Well I thought impedance bonds allowed the traction current to pass and
attenuated the signal frequency of the particular track circuit.

>That makes sense, but it requires narrow-band selective filters. Noise 
>filters in addition don't make a sensible part of that picture.

Could you please explain this slightly more? What do you mean by noise
filters in addition?

>> There would only need to be 3-4 different frequencies before they can
be
>> repeated.

Well I know that sending a 1kHz, 20V frequency attenuates to less than 1V
after 1 mile, therefore over 3 miles it should be small enough to not cause
any noticeable change to be used again.

John121 wrote:
>> Impedance bonds? Do you mean those pieces of cable that are welded 
>> across rail joints bypassing the fish plates? Are they somehow frequency
> 
>> selective in a useful way?
> 
> Well I thought impedance bonds allowed the traction current to pass and
> attenuated the signal frequency of the particular track circuit.

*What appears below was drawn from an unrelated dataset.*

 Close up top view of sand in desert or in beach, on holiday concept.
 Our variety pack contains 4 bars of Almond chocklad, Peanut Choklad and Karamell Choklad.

I think they're short pieces heavy of heavy wire. Do we have the same 
things in mind?

>> That makes sense, but it requires narrow-band selective filters. Noise 
>> filters in addition don't make a sensible part of that picture.
> 
> Could you please explain this slightly more? What do you mean by noise
> filters in addition?

Presumably, your noise filters would pass the interesting signal and 
block the noise that occurs at other frequencies. The tuning (channel 
selection) filters would do the same thing.

>>> There would only need to be 3-4 different frequencies before they can
> be
>>> repeated.
> 
> Well I know that sending a 1kHz, 20V frequency attenuates to less than 1V
> after 1 mile, therefore over 3 miles it should be small enough to not cause
> any noticeable change to be used again.

I hope you're right. I guess you are, but it needs to be confirmed by test.

Jerry
-- 
Engineering is the art of making what you want from things you can get.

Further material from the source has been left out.